WORK TO BE COMPLETED =>
Repeat all of the data word for word so that only the pictures are missing from the copy.

DATA TO PROCESS =>
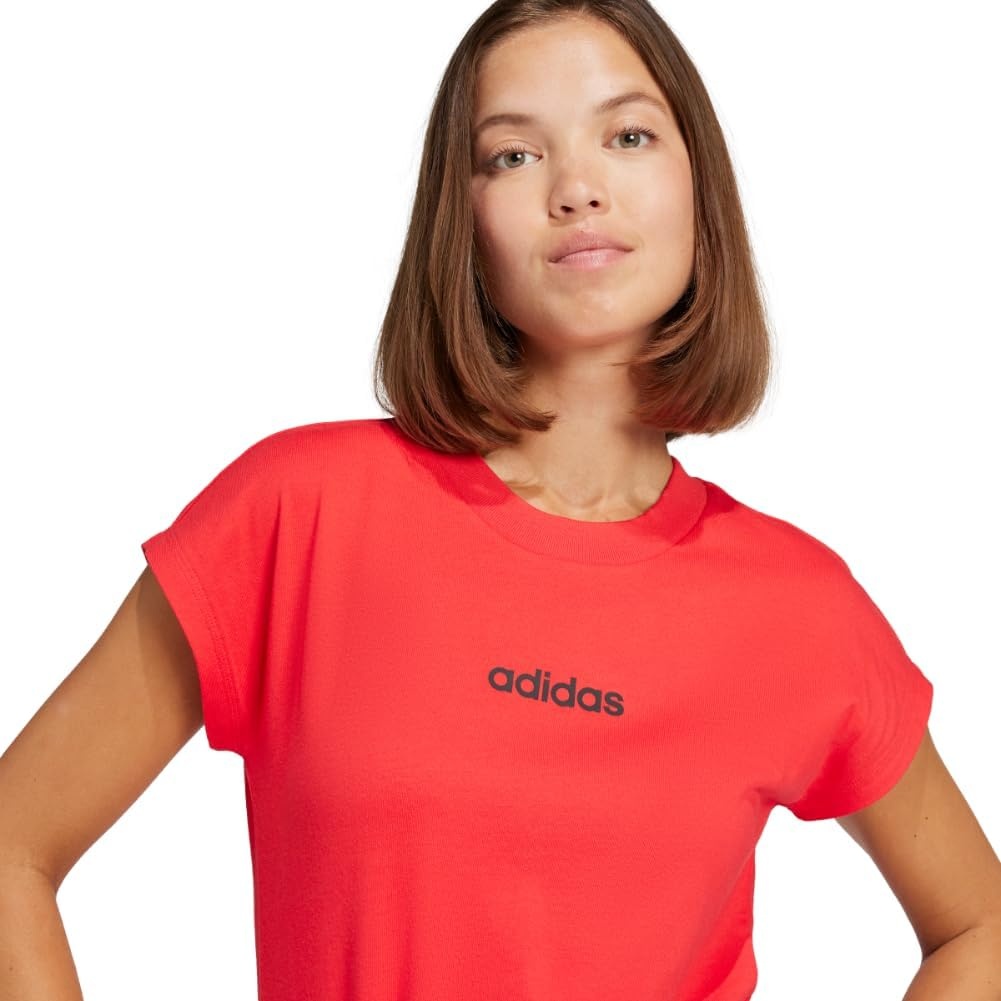 image:imageadidas Womens Essentials Linear Cotton TShirtPure RubyBlack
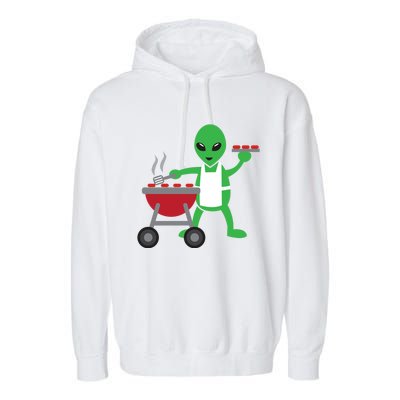 Funny Bbq Lover Artistic Barbecue Grilling Alien Gift Garment-Dyed Fleece Hoodie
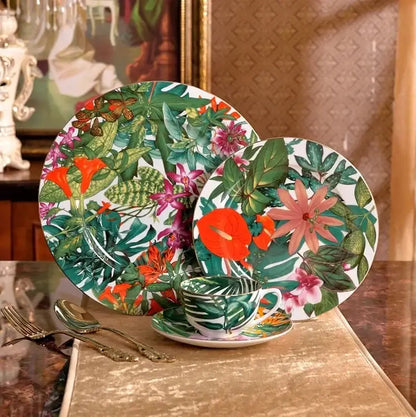 Tropical green & yellow leaf collection porcelain tea set dining room
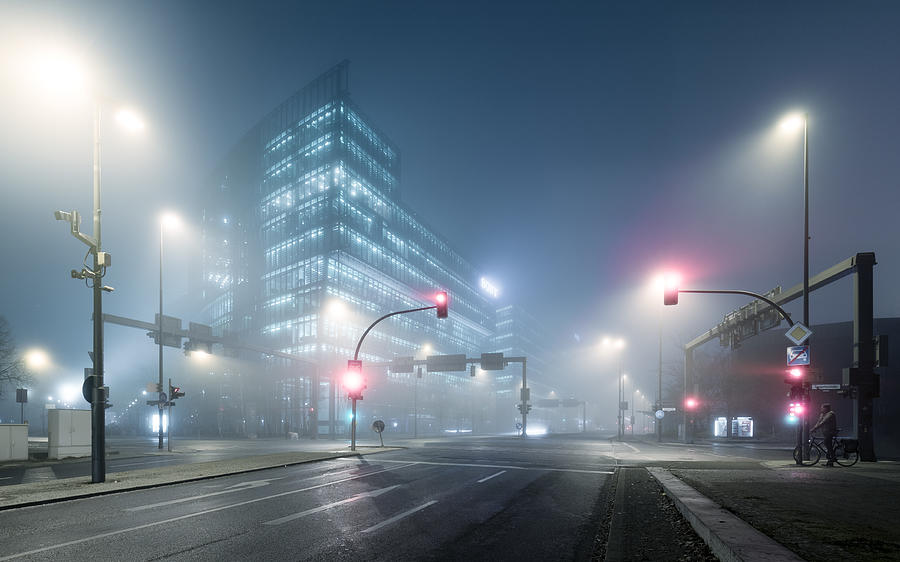 Berlin Potsdamer Platz at foggy night Photograph by Spreephoto.de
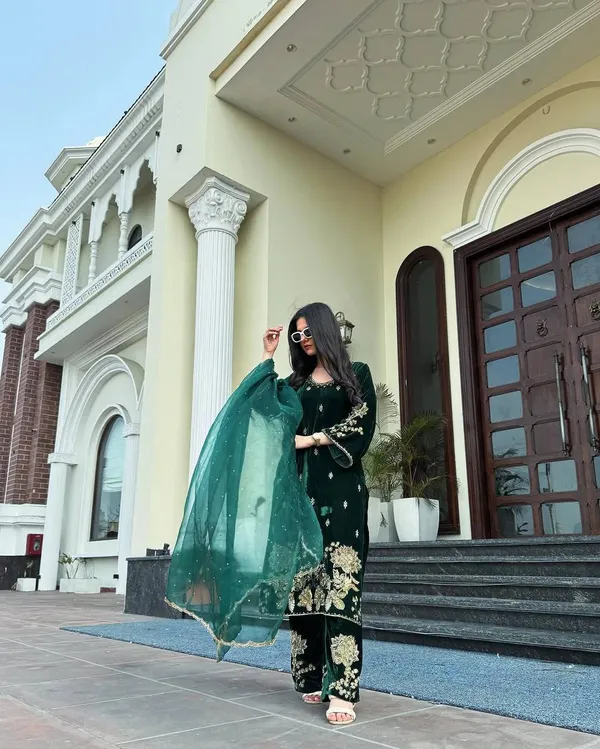 Bottle_Green_Viscose_Velvet_Heavy_Coding_Sequence_Embroidered_Salwar_Suit_With_Dupatta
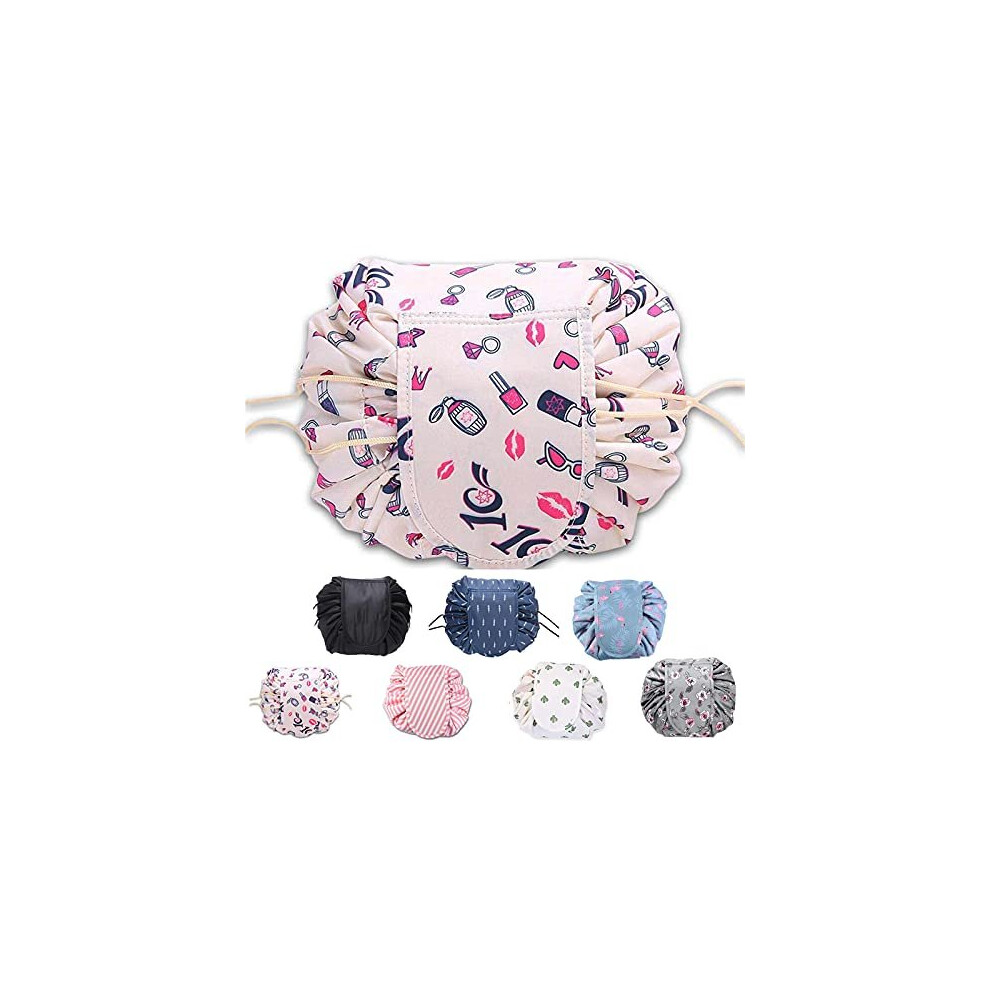 Zhengyue Lazy Drawstring Make Up Bag Portable Large Travel Cosmetic Bag Pouch Travel Makeup Pouch Storage Organiser For Women Girl Lipstick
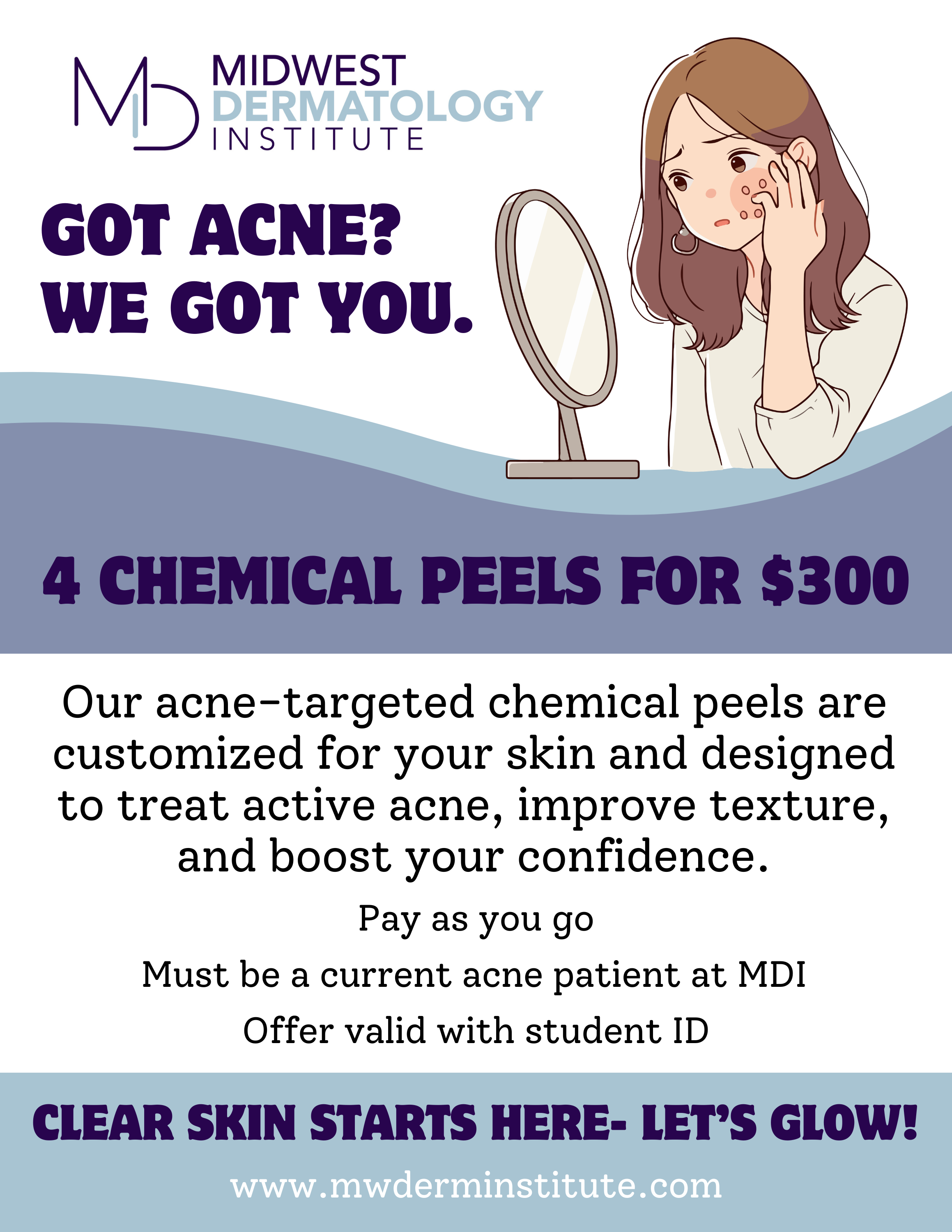Illustration of a woman with acne on her face looking into a mirror, with text advertising acne treatments at Midwest Dermatology Institute.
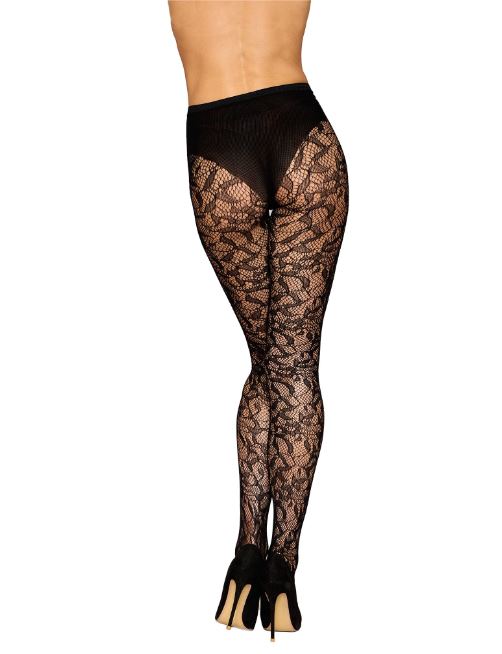 LACE PANTYHOSE BLACK O/S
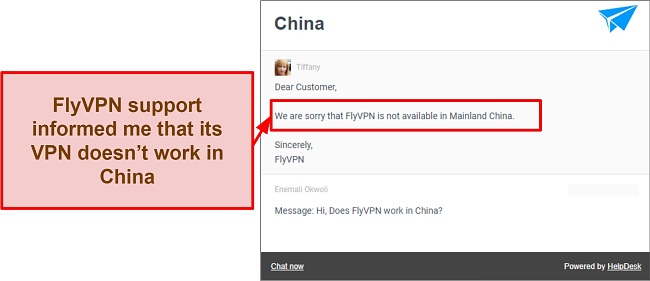 Screenshot of FlyVPN support stating that the VPN doesn't work in China
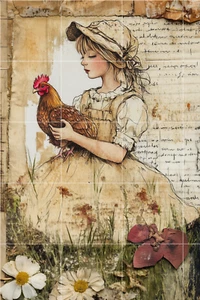 Junk Journal Kunstkarte, BAUERNMÄDCHEN MIT IHREM HUHN Sammelalbum Karte Topper 4" x 6" - Bild 1 von 1
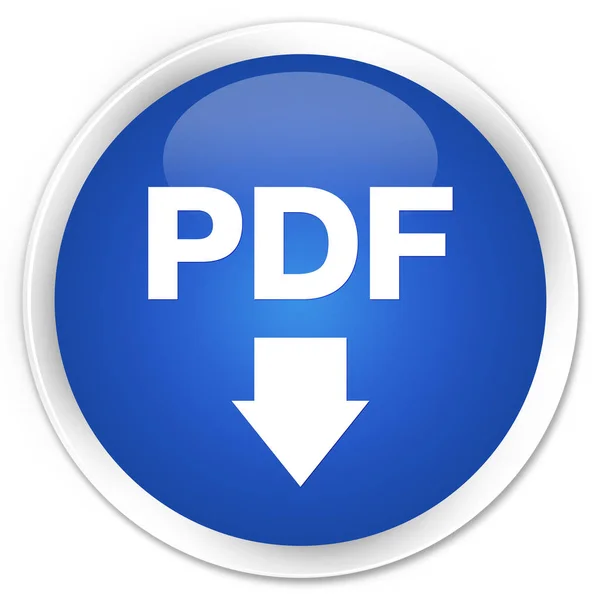 PDF scaricare icona premium blu pulsante rotondo — Foto Stock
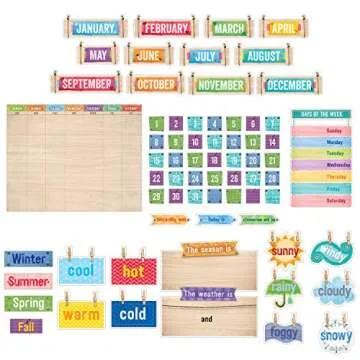Creative Teaching Press Upcycle Style Calendar Set Bulletin Board (7061),Multi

SOLUTION TO THIS PROBLEM =>
 image:imageadidas Womens Essentials Linear Cotton TShirtPure RubyBlack
 Funny Bbq Lover Artistic Barbecue Grilling Alien Gift Garment-Dyed Fleece Hoodie
 Tropical green & yellow leaf collection porcelain tea set dining room
 Berlin Potsdamer Platz at foggy night Photograph by Spreephoto.de
 Bottle_Green_Viscose_Velvet_Heavy_Coding_Sequence_Embroidered_Salwar_Suit_With_Dupatta
 Zhengyue Lazy Drawstring Make Up Bag Portable Large Travel Cosmetic Bag Pouch Travel Makeup Pouch Storage Organiser For Women Girl Lipstick
Illustration of a woman with acne on her face looking into a mirror, with text advertising acne treatments at Midwest Dermatology Institute.
 LACE PANTYHOSE BLACK O/S
 Screenshot of FlyVPN support stating that the VPN doesn't work in China
 Junk Journal Kunstkarte, BAUERNMÄDCHEN MIT IHREM HUHN Sammelalbum Karte Topper 4" x 6" - Bild 1 von 1
 PDF scaricare icona premium blu pulsante rotondo — Foto Stock
Creative Teaching Press Upcycle Style Calendar Set Bulletin Board (7061),Multi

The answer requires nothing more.